The Food, the Bad, and the Ugly
at http://eartheasy.com/article_food_bad_ugly.htm

The theme you hear from the green left is that more people is good, but we can reduce our environmental footprint at the same time as increasing the population if we keep cutting back our consumption.

I've spoken to some people who remember the post-WWII rationing in Britain. Very mild austerity measures, nobody was denied the essentials. Yet they caused immense resentment and people could hardly wait to get rid of them. People will not tolerate any kind of voluntary austerity measures, it seems to go against human nature. They will not voluntarily cut back their consumption.
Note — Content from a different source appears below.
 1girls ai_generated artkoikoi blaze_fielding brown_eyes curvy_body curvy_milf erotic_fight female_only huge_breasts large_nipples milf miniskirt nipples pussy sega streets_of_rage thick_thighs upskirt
And do you see the trendy green left making anything more than token measures to reduce their consumption?

Involuntary austerity though is another matter, and may be coming as resource depletion kicks in.

Let's suppose austerity targets might be a plausible option in support of population growth. Let's leave aside the simple mathematics that attest it isn't, as well as the unfortunate fact that consumption growth is a purposeful aim driving the population increase that we object to.

Surely there is a sound need to first realise some manifest achievement in this austerity direction BEFORE bounding carelessly toward population increase, thereby committing our lives (literally) to an untested equation that is merely supposed and entirely bereft of any detectable proof, strategic policy or implementation framework?

Who are the advocates of such nonsense seeking to deceive?
Direct conversations I've had indicate that it is themselves they seek to keep blinded. Such discussions provide mind-boggling displays of wilful self-delusion. People most certainly are extraordinary creatures, most often for reasons other than what they'd like to believe.